The freehold premium is real and defensible. At S$2,163 psf (FH) versus S$1,182–S$1,490 psf for 99-year leasehold condominiums on the Canberra and Yishun corridors — North Gaia (S$1,312 psf), The Watergardens at Canberra (S$1,490 psf), Provence Residence (S$1,182 psf), The Visionaire (S$1,364 psf) — buyers are paying a 45–83% PSF premium for the freehold interest. That is a wide spread, wider than the typical freehold-over-leasehold premium seen in more liquid markets. Part of that spread is justified by genuine scarcity — freehold residential land in D27 is not just uncommon, it is exceptional. Part of it is a liquidity discount in reverse: the thinness of the comparable data means there is no efficient market to arbitrage the premium back toward fair value. Buyers must decide whether the freehold premium they are paying is a permanent structural feature of the D27 market or a temporary artifact of thin transaction data.
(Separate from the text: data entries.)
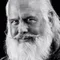 R. Scott Purdy filmleri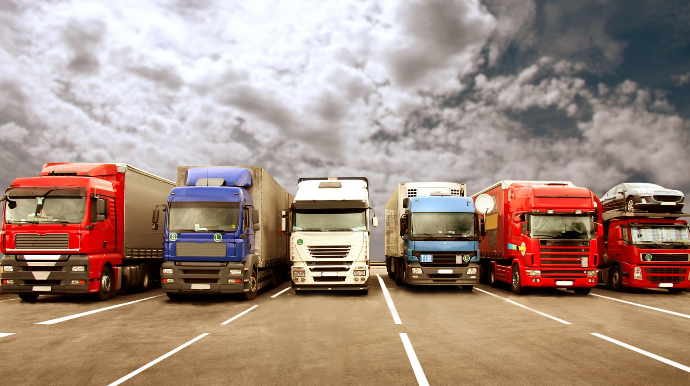 Yükün əskik çıxmasına və zədələnməsinə görə məsuliyyət müəyyənləşir 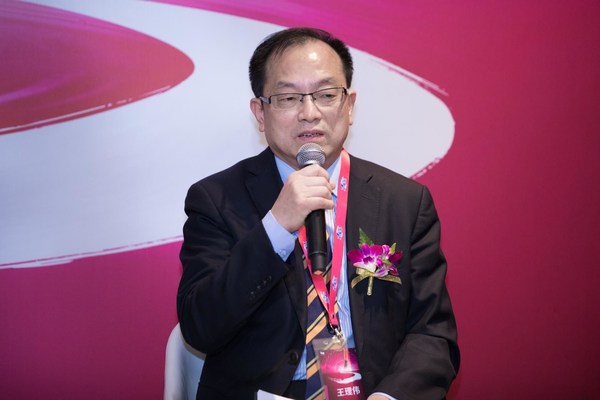和黄医药自主研发肿瘤药苏泰达(R)正式上市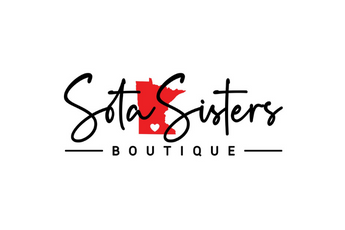 Sota Sisters Boutique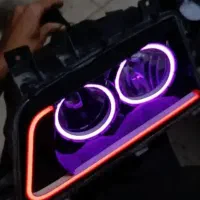 نئون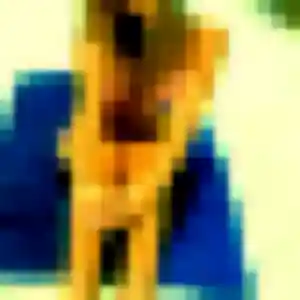Adjoua, 32 ans, en ligne à Locquirec pour une rencontre coquine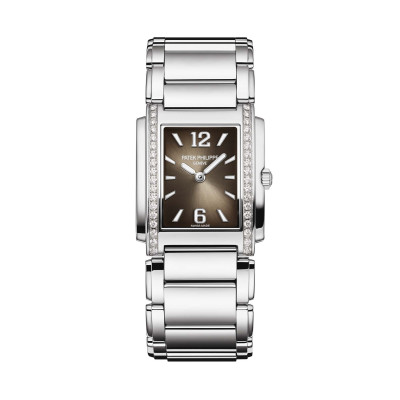 Patek Philippe - Twenty~4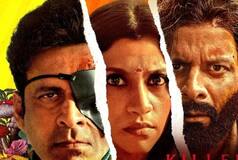 Killer Soup On Netflix: Manoj Bajpayee And Konkona Sensharma Stuck Unveils Tale of Eccentric Love Plan Gone Awry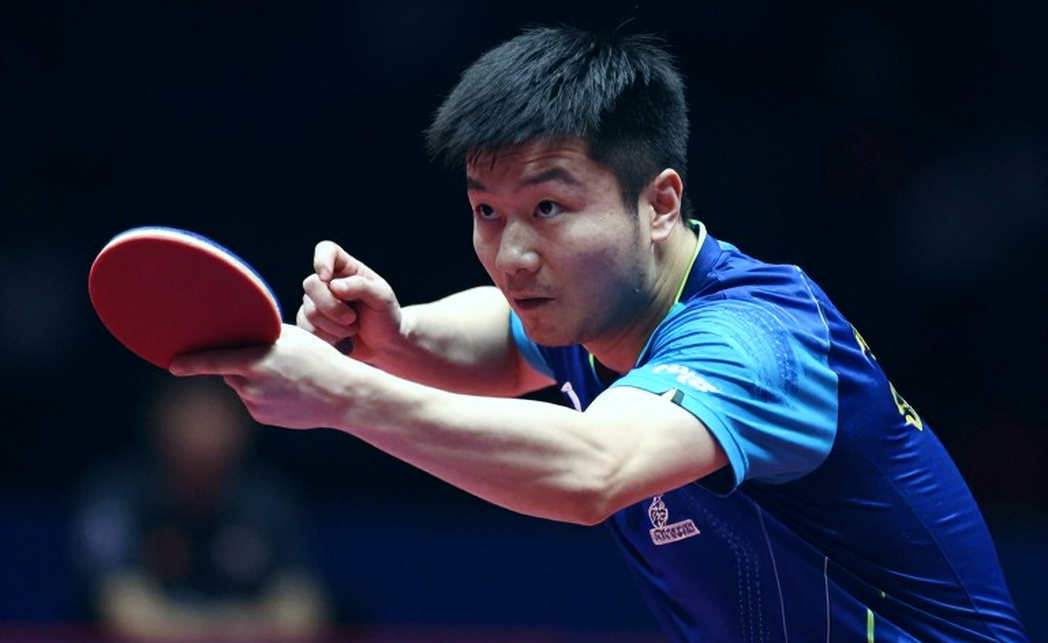 Alexis Lebrun trở lại Ljubljana: Bảo vệ hai ngôi vương và khoảng trống chưa lấp đầy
For the right buyer — a Yishun local, a family with children in the nearby school belt, a long-term holder who values privacy above all else, and someone who understands they are buying a rare asset rather than a liquid one — Platina Gardens delivers a genuinely unique proposition in the north. The walkability score of 41/100 and the MRT-adjacent-but-not-walkable location make this unsuitable for MRT-dependent households. But for car-owning families who want the quietest possible private compound in Yishun, with freehold land and generational tenure, Platina Gardens occupies a near-uncontested position in its sub-market.